Canadian-American fiction writer

Richard Willett is a Canadian-American fiction writer, playwright, and screenwriter. He was born in Hollywood, California, where his father, Bob Willett was a reporter covering the movies for the Canadian press. Willett grew up in Vancouver, Canada, and lived for many years in New York City.

== Life and career ==
Willett left Vancouver for New York at the age of nineteen and began writing short stories. His first published story appeared in Christopher Street in 1991. Subsequent stories appeared in Hawaii Review, Karamu, Oxalis, Art & Understanding, and American Writing, as well as a short play in Art & Understanding. His novel A Friend of Dorothy's, a semiautobiographical work written at the height of the AIDS epidemic in New York in the 1980s, was excerpted in Christopher Street and Permafrost and will be published in 2024.

In 1990, Willett was the recipient of an Edward F. Albee Foundation Fellowship and in 1993 he received a Tennessee Williams Scholarship from the Sewanee Writers’ Conference to study playwriting with Horton Foote and Wendy Hammond. In 1994, he joined Interborough Repertory Theatre's New Directions Theater, where his plays S.O.S., The Godsend, Hot Air, and Triptych were premiered off-off-Broadway.

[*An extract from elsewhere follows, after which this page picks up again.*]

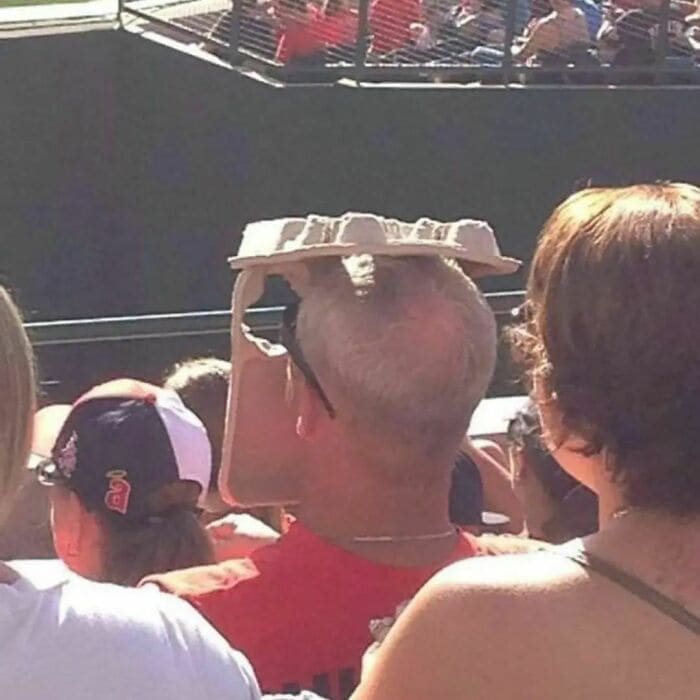 Weird Hats beer carton on guys head at baseball game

In 2001, he and his frequent director Eliza Beckwith spun off from IRT as a separate company called New Directions Theater (NDT), where they premiered Willett's Random Harvest, The Flid Show, and Tiny Bubbles. In 2022, his play A Terminal Event, which won a Julie Harris Playwrighting Award from the Beverly Hills Theatre Guild, was premiered at the Victory Theatre in Los Angeles. In 2023, 9/10 and Grief at High Tide are both scheduled for world premieres.

As a screenwriter Willett has twice been in the Top 50 of the Academy of Motion Picture Arts and Sciences' Nicholl Fellowships competition, a finalist for the Page International Screenwriting Awards as well as both the Sundance Screenwriting and Episodic Labs, and a semifinalist for the Austin Film Festival Screenplay Competition. A short film he wrote, The Gazebo, is scheduled to be shot in October 2023, and he has finished the script for an upcoming animated feature for children.